Connotato essenziale della tortura è dunque l’abuso di potere, che consente al pubblico ufficiale o a chi eserciti pubbliche funzioni di infliggere alla vittima un trattamento che ne viola la dignità, ovvero l’umanità stessa, e il diritto a non essere strumentalizzata per fini che la trascendano, secondo il noto principio kantiano.

È significativa, d’altra parte, l’intima connessione – anche qui: storica e simbolica – tra tortura e dispotismo; regimi della paura in cui la coercizione del corpo e della volontà attraverso trattamenti inumani (e pene crudeli), oggetto di spettacolarizzazione, miravano ad esibire simbolicamente un potere assoluto e illimitato.

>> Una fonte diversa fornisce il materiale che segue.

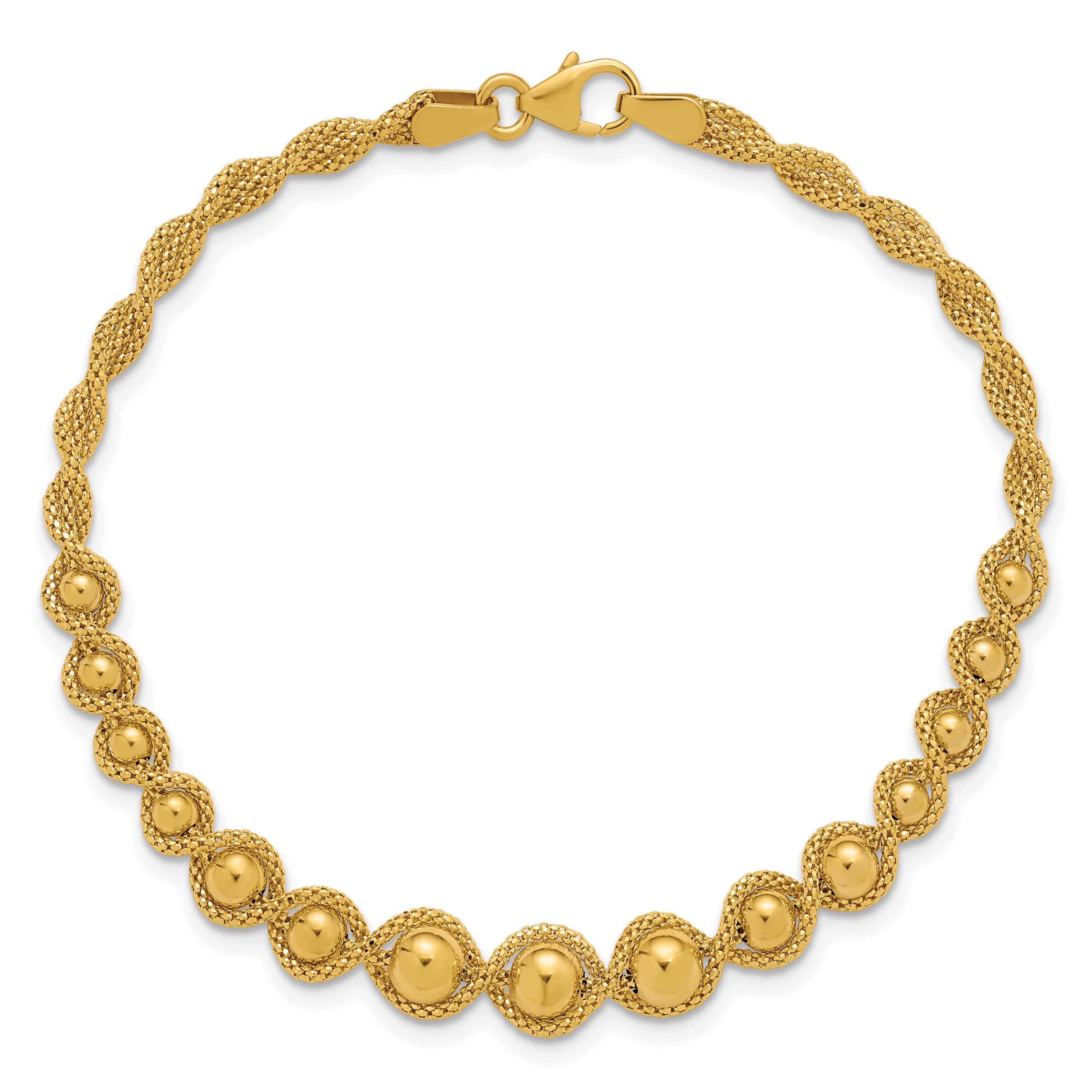 14K Polished and Diamond-cut Twisted Beaded Bracelet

Il reato di tortura, insomma, è una garanzia contro la più grave degenerazione dell’autorità in violenza, del potere in arbitrio, del diritto in mera forza. Ed è significativo che, nella tortura, la violazione della dignità passi attraverso l’umiliazione della persona e lo strazio del corpo, tanto più inaccettabile in un’età, come la nostra, che ha visto il progressivo sottrarsi del corpo (persino) alla pena legittima, trasformatasi – come scriveva Michel Foucault – da arte di «sensazioni insopportabili» in «economia di diritti sospesi». Il corpo e l’inviolabilità della parte più profonda e intima della persona tornano dunque a essere, nella tortura, materia di sopraffazione e di vendetta: ambiti di esercizio di un potere illimitato e violento, che espropria la persona del diritto all’intangibilità fisica e morale, già sancito con la promessa dell’Habeas Corpus: «Non metteremo le mani su di te».
Perciò l’idea di una «tortura democratica» – cui si riferisce l’avvocato statunitense Alan Dershowitz, ammettendone la legittimazione mediante «regolamentazione» – non può che rappresentare un ossimoro.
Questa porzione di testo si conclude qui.